Tem história que aparenta não ter pé nem cabeça. História que vai parecer não ter um sentido, não ter uma cronologia, uma lógica. Como um filme visto de trás para frente.  História de uma família, que morava numa casa de esquina. E que havia um mau presságio que dizia: "morar em casa, de esquina, não era muito bom." Ninguém dizia o que significava esse, "não muito bom". Poderia ser coisa desse, ou do outro mundo. Uma coisa era certa, não foi só uma, nem duas vezes, que Seu Antônio, de manhãzinha antes do nascer do sol, ao levantar-se, pra ir buscar o leite no curral, encontrou bem debaixo do poste da esquina um despacho. Um trabalho feito, algo do tipo feitiçaria, vudu, mandinga. Aquilo era coisa pra derrubar alguém. Para levar alguém a ruina. Esse alguém bem que podia ser um dos moradores da redondeza, ou simplesmente nada teria com ninguém dali. Isso não se sabia.  

Era noite chuvosa. A chuva açoitava o telhado, lavava insistentemente os vidros da janela. Dava para ouvir a água descendo pela calha, um choro lento e paciente. Do jeito que o tempo estava, bom mesmo era está debaixo das cobertas, numa cama bem aquecida. Uma xícara de café pousada na mesinha de canto. Seu Antônio, fumava um cigarro, a fina fumaça subindo e incensando os pensamentos que iam além, da vidraça, além da noite molhada, muito além daquela fria e escura noite. Dona Dulce, na cozinha, grunhindo uma cantiga de igreja acompanhada pelo tilintar de panelas e pratos. A chuva àquela hora da noite entristecia os cantos da casa, amofinava.

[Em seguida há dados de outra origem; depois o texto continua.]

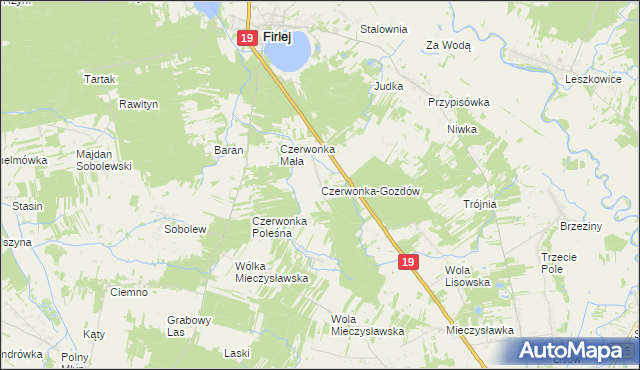 mapa Czerwonka-Gozdów, Czerwonka-Gozdów na mapie Targeo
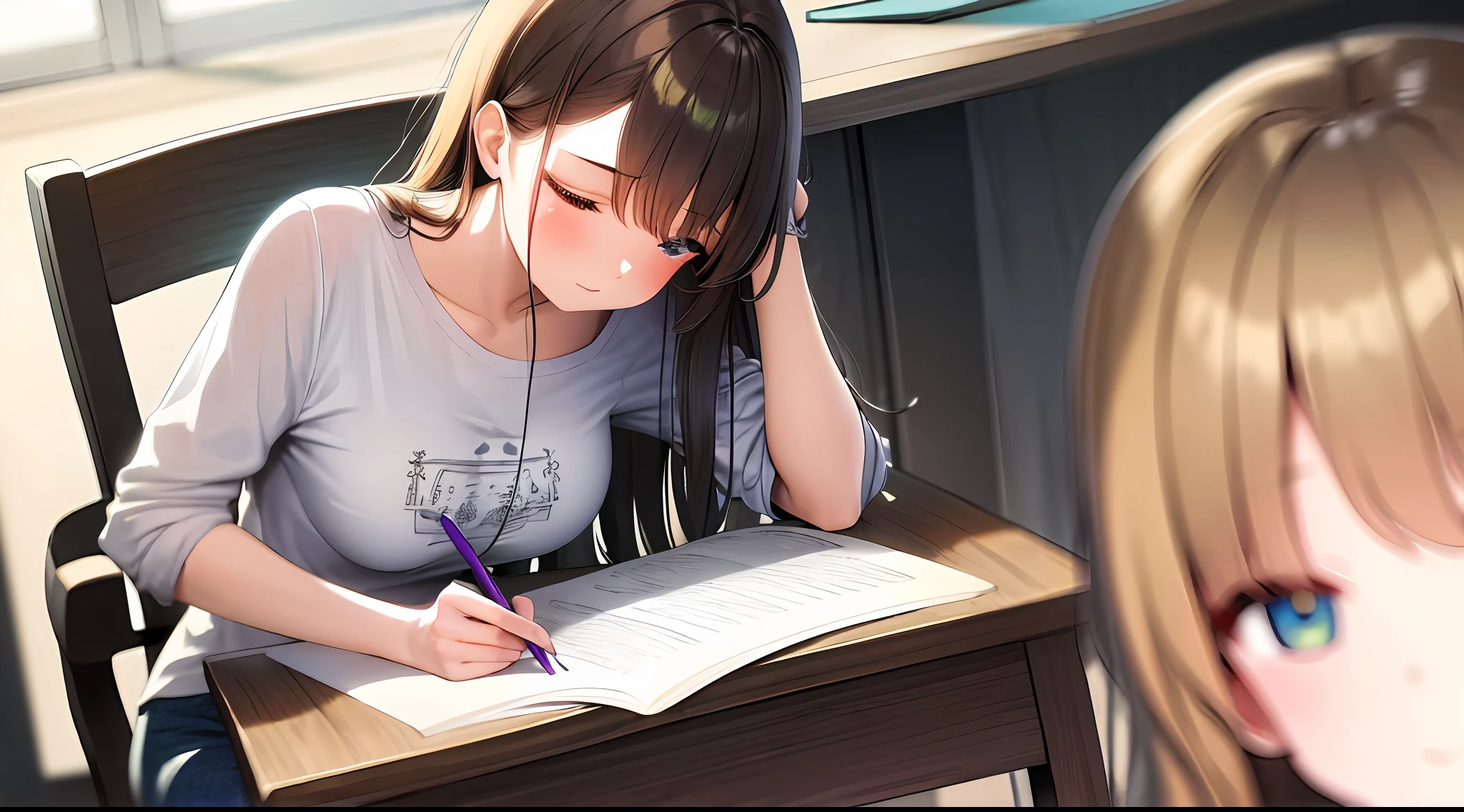 A masterpie, best qualiy, high - resolution, a 1 girl, Loose T-shirt、 Girl sitting on chair studying drafting at desk, Study seriously, Good luck studying、drawn、a beautifu、a Pretty、18y、Sleeping face down on a desk、god statue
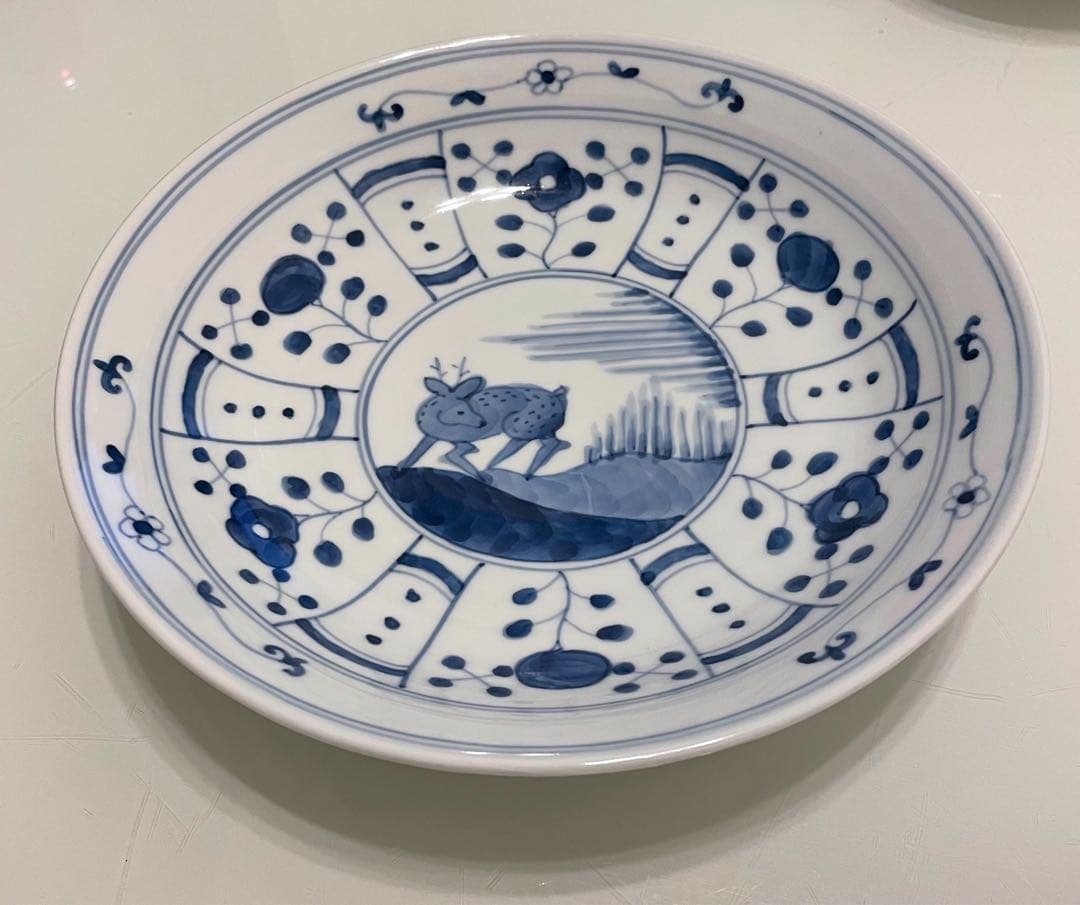 昭和レトロ 未使用 唐津焼 三つ星 1980】十三代中里太郎右衛門 絵唐津茶碗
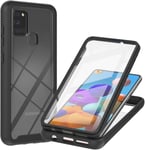 Jofun Coque Samsung Galaxy A21s Antichoc Housse Samsung Galaxy A21s,Avec Protège-Écran,Case Full Body Protection 360 Etui Robuste Transparent Integrale Bumper Coque Pour Samsung A21s - Noir(Q728)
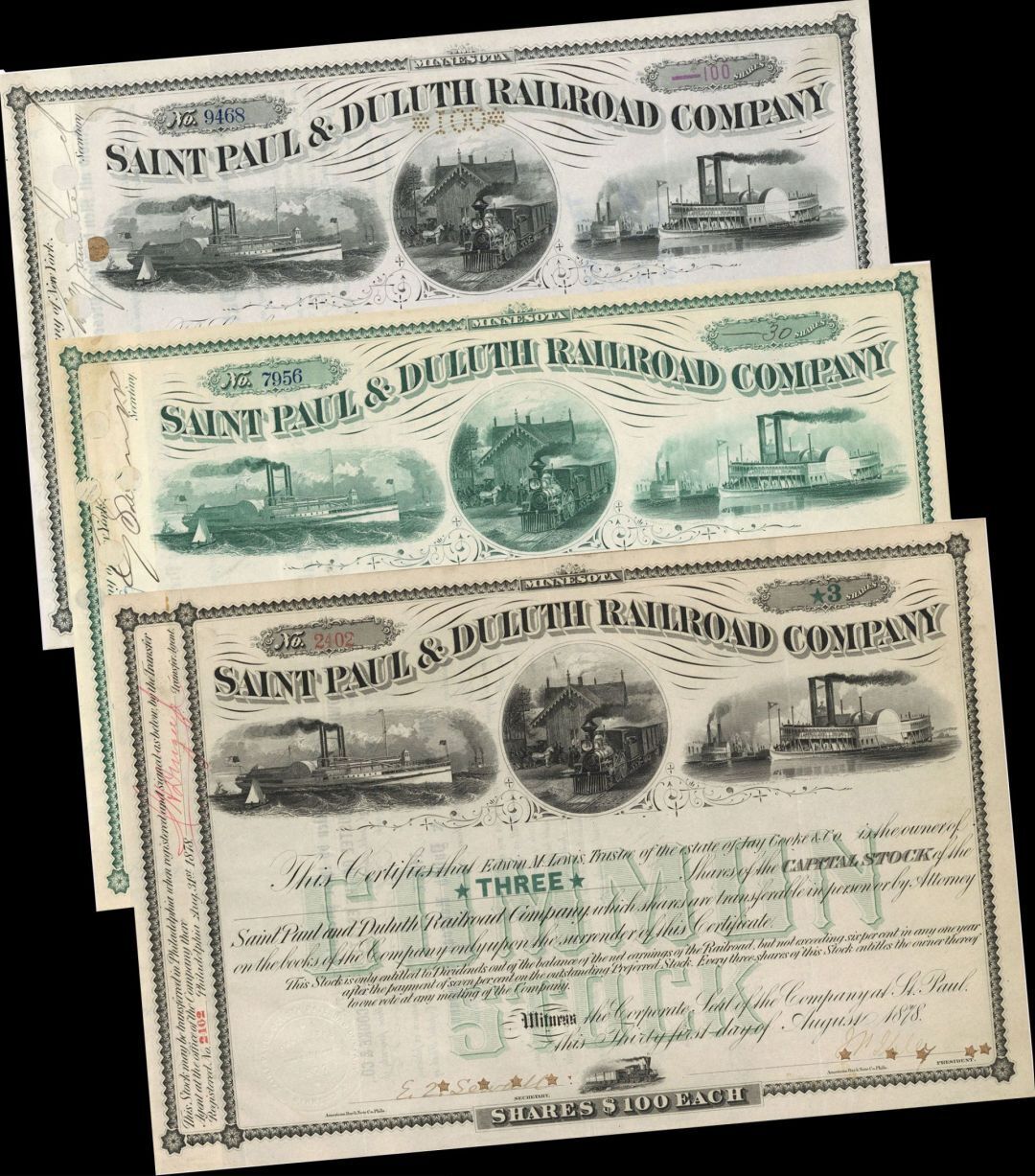 Set of 3 Stock Certificates of the Saint Paul and Duluth Railroad Co. - 1870's-9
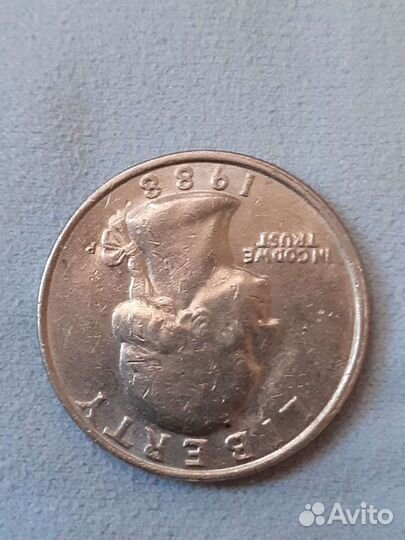 Монета quarter dollar liberty 1988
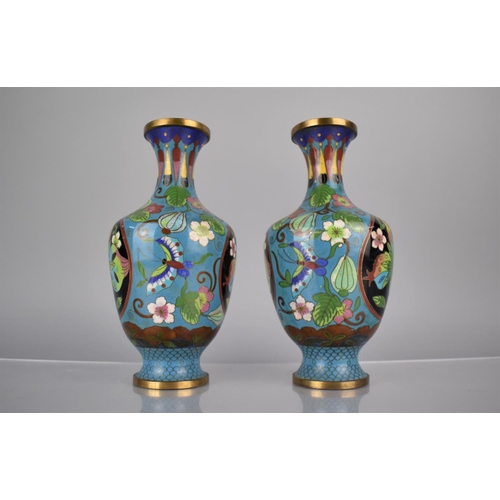 156 - A Pair of Chinese Cloisonne Pomegranate Pattern Vases on Blue Ground, Decorated with Butterflies and... 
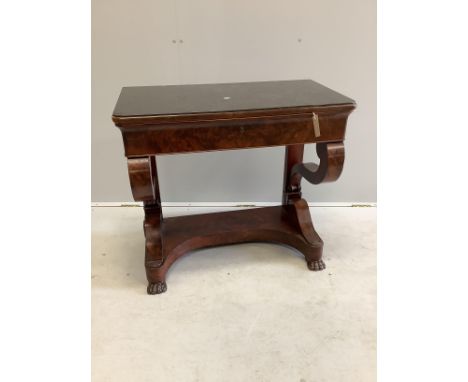 A 19th century French mahogany marble top console table with fitted writing drawer, width 81cm, depth 42cm, height 74cm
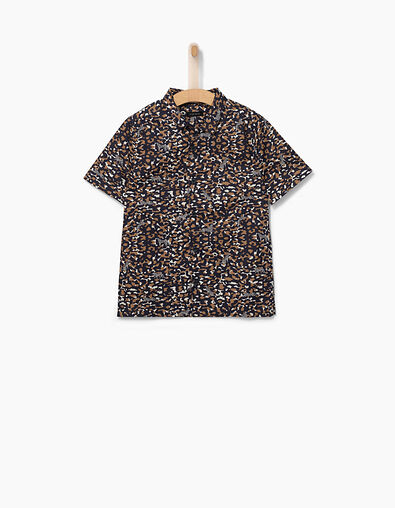 Chemise beige clair à camouflage-léopards garçon  - IKKS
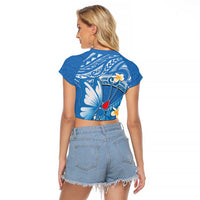 Polynesia Diabetes Awareness Month Raglan Cropped T Shirt In November We Wear Blue LT14 - Polynesian Pride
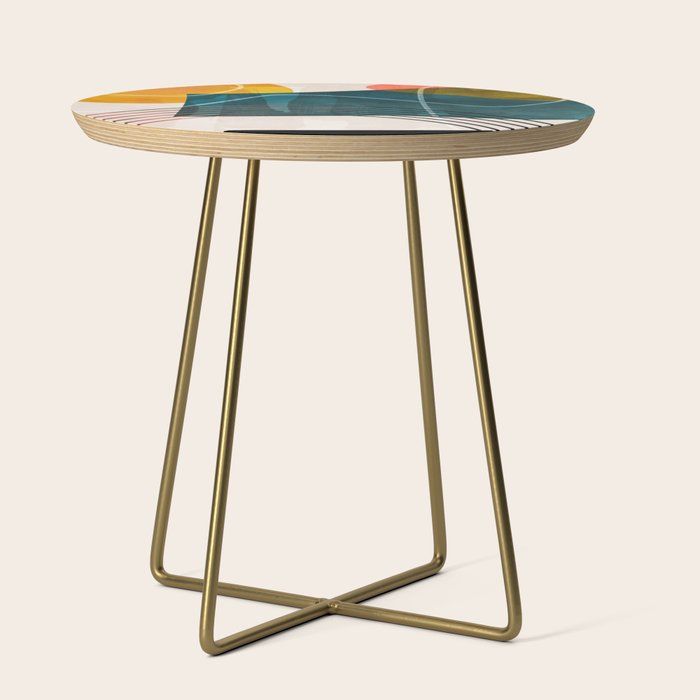 mid century shapes abstract painting Side Table Gallery Image 1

O gato procurava lugares mais aquecido pra dormir. Gioconda, Tábata e Isachar se estivessem naquela casa com certeza já estariam recolhidos em seus nos quartos, acalentando sonhos aguardando o sono para dormir. Nunca jamais, onde estivessem esqueceriam daquela noite. Da rua ouviram um barulho, de carro, freada brusca, estampido de tiros. Seguido de pessoas gritando, gritos de homem e de mulher. Barulho de gente correndo. Seu Antônio jamais esquece, ao ouvir aquilo, foi até a janela, abriu o pórtico e teve a visão da rua. Lembra-se exatamente tudo que viu. Se um dia tivesse que relatar numa delegacia, ou num banco de testemunhas de um tribunal, saberia dizer com riqueza de detalhes o que viu. Um carro preto se afastando, o corpo de um homem no meio da rua. 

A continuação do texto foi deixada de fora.